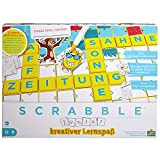Mattel Games HCK86 – Scrabble Junior Kids gioco di parole crociate con 2 livelli di gioco, 6 mini giochi e ...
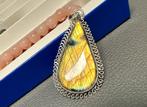 Pendentif en labradorite, Enlèvement ou Envoi, Comme neuf, Argent, Argent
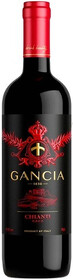 Вино красное сухое «Gancia Chianti», 0.75 л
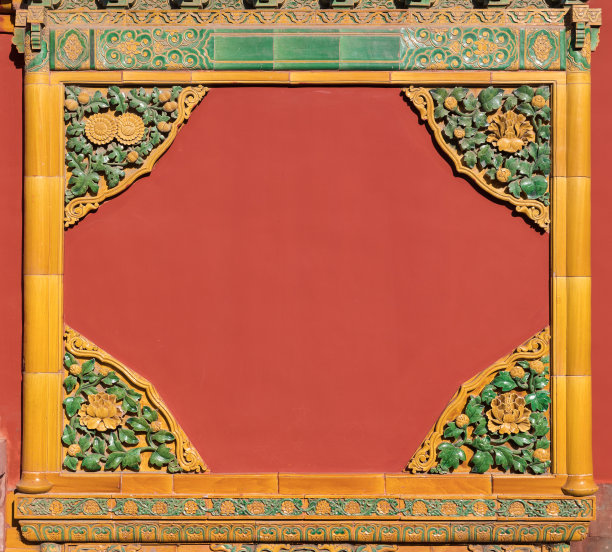 故宫博物院琉璃瓦装饰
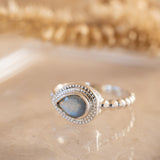 Tulum Rainbow Labradorite Ring ~ Sterling Silver 925 ~ MR257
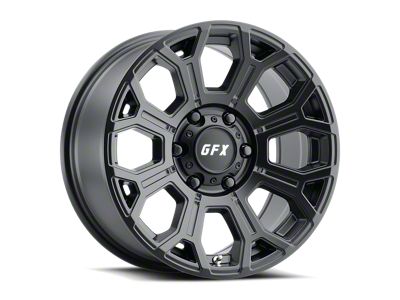 G-FX TR-19 Matte Black 8-Lug Wheel; 16x8.5; -6mm Offset (01-06 Silverado 3500 HD SRW)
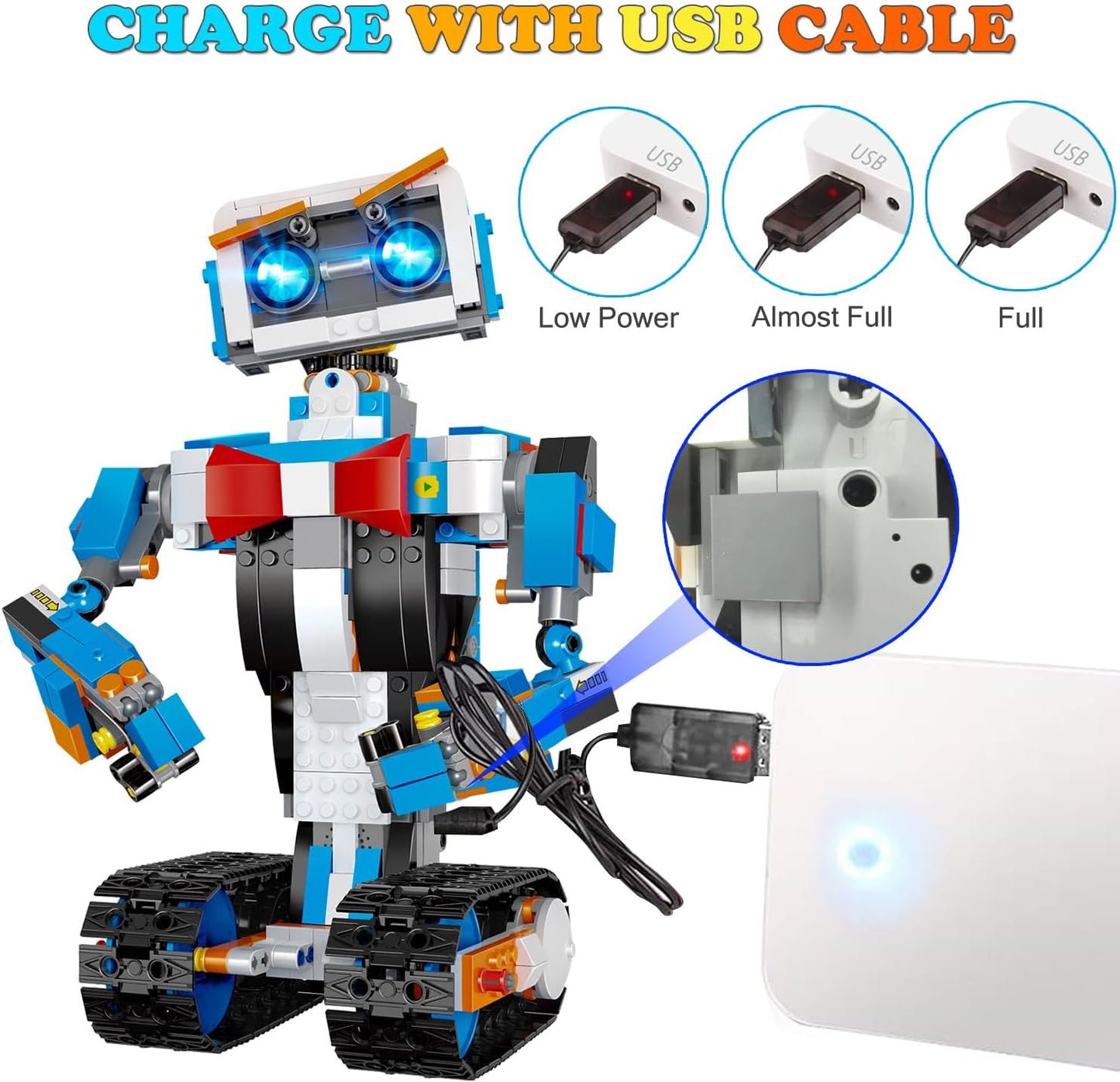 okk Robot Building Toys for Boys, STEM Projects for Kids Ages 8-12, Remote & APP Controlled Engineering Learning Educational Coding DIY Building Kit Rechargeable Robot Toy Gifts for Girls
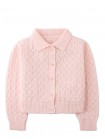 Girls' Dahlia Button-Down Cardigan With Scallop Collar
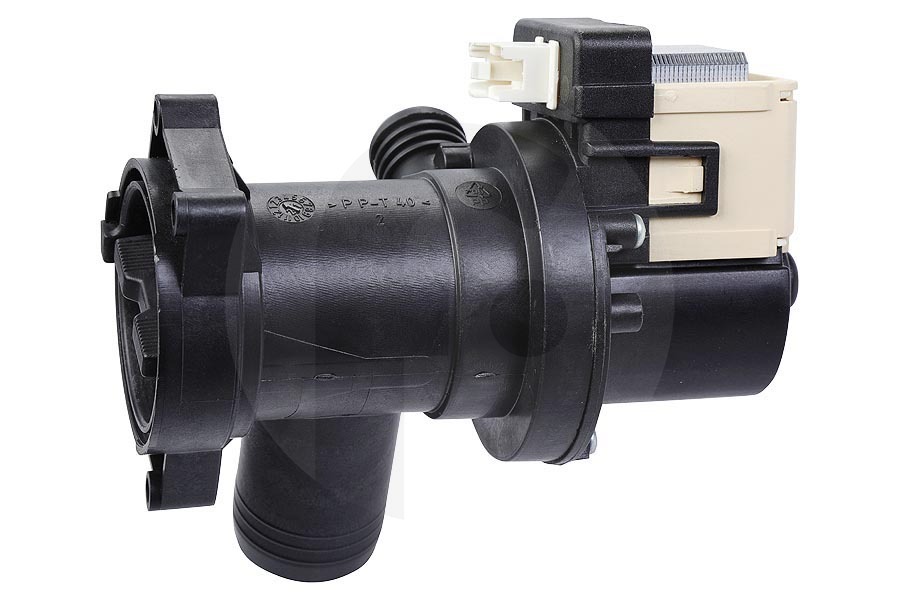 Bauknecht Lavadora Bomba de desagüe (bomba del agua) para Bauknecht y otros lavadora 481010584942 apto para entre otros WAK6466, INDIANA 1400
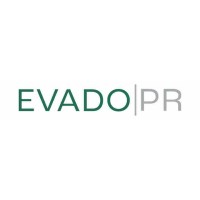 Evado PR logo, Evado PR contact details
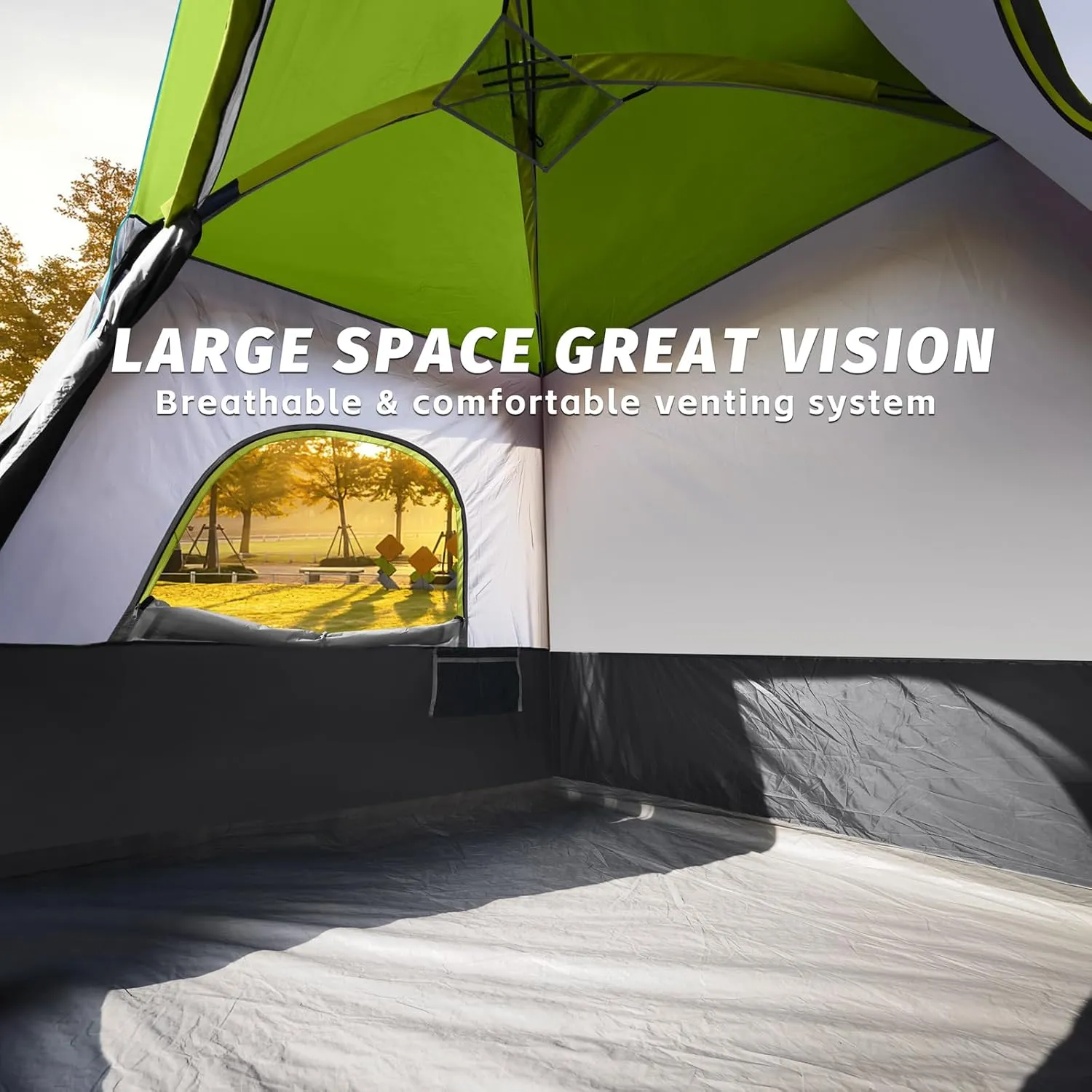 UNP 2/4/6/8 Person Tent, Portable Cabin Tent, Camping Tent 4-Person Easy Set Up, Waterproof with Top Rainfly for Outdoor Camping/Hiking
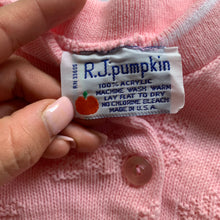 Load image into Gallery viewer, Vintage Pink Knit Floral Sweater 18-24 months
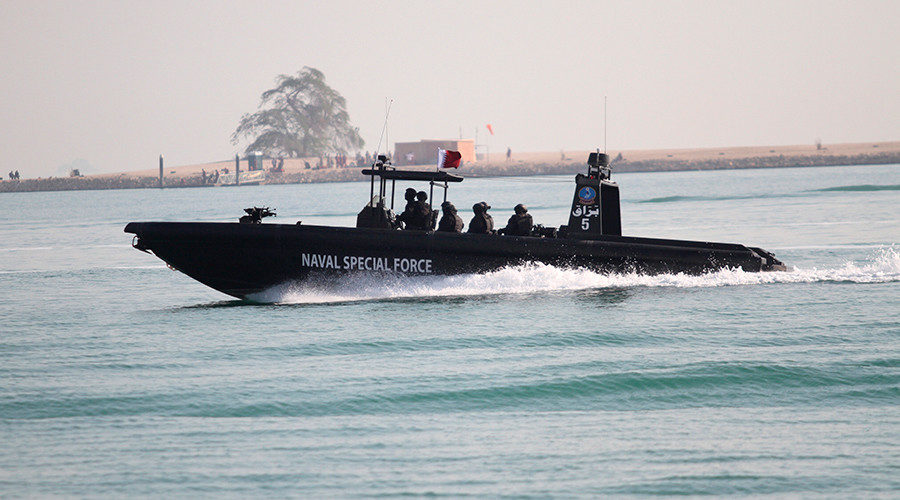 Members of the Qatari naval forces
==================================================
BRIEF
Output nothing except the lines from the one containing "Load image into" through the final line of the entries, repeated exactly and free of pictures.

REPLY
 Load image into Gallery viewer, Vintage Pink Knit Floral Sweater 18-24 months
 Members of the Qatari naval forces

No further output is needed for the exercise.